-- Problem --
Beneath this instruction is a block of data; output from it exactly the lines that run from the one containing "Metal wall candle holder 12x20cm black" through the one containing "Christmas ox-shaped earrings with crystals", inclusive.
*** Opening of Task input ***
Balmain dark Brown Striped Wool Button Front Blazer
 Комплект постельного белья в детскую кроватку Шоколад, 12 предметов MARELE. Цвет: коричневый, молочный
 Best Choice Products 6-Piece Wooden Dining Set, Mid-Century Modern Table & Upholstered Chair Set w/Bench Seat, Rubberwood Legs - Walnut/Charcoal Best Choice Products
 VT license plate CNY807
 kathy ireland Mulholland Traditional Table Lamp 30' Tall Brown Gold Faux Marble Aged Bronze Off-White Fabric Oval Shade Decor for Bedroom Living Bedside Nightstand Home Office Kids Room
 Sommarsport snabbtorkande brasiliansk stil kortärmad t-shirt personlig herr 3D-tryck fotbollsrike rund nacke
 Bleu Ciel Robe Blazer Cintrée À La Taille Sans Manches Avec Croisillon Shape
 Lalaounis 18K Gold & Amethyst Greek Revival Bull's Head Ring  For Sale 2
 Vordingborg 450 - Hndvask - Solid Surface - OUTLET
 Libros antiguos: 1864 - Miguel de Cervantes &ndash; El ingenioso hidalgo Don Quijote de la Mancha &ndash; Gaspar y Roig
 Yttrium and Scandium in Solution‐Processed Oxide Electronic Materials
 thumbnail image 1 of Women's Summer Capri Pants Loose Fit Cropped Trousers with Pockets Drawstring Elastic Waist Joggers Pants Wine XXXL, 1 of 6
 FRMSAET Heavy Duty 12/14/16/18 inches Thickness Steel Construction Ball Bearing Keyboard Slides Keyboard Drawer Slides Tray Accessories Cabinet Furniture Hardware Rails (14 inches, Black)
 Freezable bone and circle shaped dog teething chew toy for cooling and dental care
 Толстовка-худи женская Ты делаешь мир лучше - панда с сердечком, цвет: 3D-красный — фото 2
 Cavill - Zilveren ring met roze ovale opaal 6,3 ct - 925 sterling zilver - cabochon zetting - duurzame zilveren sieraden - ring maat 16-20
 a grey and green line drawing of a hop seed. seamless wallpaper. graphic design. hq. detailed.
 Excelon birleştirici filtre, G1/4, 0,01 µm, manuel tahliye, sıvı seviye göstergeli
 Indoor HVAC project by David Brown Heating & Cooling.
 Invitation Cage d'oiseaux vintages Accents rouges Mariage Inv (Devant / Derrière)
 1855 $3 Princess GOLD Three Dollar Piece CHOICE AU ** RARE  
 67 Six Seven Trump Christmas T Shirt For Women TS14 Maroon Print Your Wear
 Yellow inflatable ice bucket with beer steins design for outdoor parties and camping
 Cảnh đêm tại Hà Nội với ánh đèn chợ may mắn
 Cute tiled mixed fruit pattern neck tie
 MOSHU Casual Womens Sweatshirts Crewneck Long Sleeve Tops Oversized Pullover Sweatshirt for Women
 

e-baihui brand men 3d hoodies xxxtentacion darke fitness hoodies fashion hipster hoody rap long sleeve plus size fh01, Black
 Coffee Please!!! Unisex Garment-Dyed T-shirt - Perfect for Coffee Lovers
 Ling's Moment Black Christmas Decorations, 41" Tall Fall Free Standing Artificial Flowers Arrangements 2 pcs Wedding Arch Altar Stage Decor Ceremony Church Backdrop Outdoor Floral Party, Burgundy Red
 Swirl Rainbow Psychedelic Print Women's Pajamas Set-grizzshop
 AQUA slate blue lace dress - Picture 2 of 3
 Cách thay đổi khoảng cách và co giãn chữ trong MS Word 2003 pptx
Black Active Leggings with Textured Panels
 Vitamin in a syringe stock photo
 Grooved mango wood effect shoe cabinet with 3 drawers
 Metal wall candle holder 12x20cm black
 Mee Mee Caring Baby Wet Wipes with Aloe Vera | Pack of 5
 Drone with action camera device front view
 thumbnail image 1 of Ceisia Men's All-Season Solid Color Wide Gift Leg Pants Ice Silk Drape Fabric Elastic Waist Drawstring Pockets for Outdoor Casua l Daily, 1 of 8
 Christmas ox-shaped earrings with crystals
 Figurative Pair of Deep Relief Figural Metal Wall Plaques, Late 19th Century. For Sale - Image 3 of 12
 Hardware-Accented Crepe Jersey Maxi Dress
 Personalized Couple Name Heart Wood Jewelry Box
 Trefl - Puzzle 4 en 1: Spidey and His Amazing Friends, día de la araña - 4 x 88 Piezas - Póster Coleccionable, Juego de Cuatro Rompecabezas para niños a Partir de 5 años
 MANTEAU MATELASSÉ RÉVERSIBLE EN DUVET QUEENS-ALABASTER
*** Close of Task input ***
-- Finished exercise --
 Metal wall candle holder 12x20cm black
 Mee Mee Caring Baby Wet Wipes with Aloe Vera | Pack of 5
 Drone with action camera device front view
 thumbnail image 1 of Ceisia Men's All-Season Solid Color Wide Gift Leg Pants Ice Silk Drape Fabric Elastic Waist Drawstring Pockets for Outdoor Casua l Daily, 1 of 8
 Christmas ox-shaped earrings with crystals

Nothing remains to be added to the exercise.